WHAT NEEDS TO BE DONE: Each line of the records that includes "stores" should be found and copied.

------------------------

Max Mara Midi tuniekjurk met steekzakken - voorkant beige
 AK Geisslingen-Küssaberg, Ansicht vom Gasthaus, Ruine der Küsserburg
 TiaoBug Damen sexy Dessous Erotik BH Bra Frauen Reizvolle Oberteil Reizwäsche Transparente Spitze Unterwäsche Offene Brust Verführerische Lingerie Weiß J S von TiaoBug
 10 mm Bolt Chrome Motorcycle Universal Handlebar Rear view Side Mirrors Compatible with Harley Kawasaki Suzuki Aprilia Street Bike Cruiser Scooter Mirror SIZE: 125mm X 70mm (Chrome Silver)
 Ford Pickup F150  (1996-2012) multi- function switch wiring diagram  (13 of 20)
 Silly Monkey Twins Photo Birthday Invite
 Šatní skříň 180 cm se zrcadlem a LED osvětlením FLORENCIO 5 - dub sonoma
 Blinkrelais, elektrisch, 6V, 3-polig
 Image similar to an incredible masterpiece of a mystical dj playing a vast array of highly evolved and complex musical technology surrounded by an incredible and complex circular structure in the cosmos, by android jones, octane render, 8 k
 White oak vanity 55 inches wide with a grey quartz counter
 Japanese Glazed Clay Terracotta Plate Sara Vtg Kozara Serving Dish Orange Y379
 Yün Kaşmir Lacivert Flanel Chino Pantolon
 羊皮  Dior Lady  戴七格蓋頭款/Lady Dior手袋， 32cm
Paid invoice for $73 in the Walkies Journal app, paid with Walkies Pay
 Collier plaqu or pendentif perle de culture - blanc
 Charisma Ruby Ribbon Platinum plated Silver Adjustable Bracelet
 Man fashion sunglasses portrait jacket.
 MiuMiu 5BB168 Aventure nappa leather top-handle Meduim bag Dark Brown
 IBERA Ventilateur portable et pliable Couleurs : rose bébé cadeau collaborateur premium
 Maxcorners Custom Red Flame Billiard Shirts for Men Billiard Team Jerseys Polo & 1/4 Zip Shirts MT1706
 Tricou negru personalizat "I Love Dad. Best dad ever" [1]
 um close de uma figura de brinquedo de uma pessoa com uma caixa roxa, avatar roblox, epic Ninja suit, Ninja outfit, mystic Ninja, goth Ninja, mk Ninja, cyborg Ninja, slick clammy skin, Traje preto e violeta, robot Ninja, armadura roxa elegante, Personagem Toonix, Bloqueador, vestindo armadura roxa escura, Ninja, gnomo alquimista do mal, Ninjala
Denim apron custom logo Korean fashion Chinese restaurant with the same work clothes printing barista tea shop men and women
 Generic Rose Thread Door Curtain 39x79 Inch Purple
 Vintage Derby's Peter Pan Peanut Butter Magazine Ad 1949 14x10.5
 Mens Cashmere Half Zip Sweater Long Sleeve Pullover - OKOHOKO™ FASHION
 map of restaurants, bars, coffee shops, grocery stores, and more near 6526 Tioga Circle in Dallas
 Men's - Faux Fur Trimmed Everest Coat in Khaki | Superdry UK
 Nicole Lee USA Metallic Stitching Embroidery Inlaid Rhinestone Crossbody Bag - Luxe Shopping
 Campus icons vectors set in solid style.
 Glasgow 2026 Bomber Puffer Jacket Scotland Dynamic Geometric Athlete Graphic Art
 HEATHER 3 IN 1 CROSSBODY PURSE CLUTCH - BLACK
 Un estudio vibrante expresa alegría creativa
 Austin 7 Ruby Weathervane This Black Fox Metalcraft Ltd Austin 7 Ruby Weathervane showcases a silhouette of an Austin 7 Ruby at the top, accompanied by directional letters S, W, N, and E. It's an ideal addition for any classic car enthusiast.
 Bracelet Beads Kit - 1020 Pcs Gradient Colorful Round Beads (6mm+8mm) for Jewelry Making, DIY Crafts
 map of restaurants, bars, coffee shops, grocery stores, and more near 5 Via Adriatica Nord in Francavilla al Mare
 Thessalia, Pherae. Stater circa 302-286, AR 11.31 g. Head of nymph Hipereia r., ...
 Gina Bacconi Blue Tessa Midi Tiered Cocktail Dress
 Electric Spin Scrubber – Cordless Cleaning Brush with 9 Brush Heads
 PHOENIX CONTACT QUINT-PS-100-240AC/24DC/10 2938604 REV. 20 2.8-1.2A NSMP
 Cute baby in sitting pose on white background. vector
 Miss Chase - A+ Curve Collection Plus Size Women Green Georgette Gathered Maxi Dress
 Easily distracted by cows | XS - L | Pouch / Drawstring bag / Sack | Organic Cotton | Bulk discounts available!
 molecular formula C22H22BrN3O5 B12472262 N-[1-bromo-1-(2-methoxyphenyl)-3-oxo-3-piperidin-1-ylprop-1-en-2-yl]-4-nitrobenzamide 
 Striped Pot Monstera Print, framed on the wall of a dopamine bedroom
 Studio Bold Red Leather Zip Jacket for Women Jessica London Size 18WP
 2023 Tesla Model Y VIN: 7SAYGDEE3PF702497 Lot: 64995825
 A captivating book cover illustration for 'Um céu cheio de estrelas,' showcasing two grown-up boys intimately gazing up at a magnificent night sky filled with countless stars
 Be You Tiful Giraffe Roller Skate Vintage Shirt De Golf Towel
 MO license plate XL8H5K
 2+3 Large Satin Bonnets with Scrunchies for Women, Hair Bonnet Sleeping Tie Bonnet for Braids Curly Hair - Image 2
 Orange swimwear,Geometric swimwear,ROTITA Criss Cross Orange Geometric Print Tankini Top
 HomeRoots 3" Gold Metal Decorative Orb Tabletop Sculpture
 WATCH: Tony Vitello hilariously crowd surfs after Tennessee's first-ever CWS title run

------------------------

EXERCISE OUTPUT:
 map of restaurants, bars, coffee shops, grocery stores, and more near 6526 Tioga Circle in Dallas
 map of restaurants, bars, coffee shops, grocery stores, and more near 5 Via Adriatica Nord in Francavilla al Mare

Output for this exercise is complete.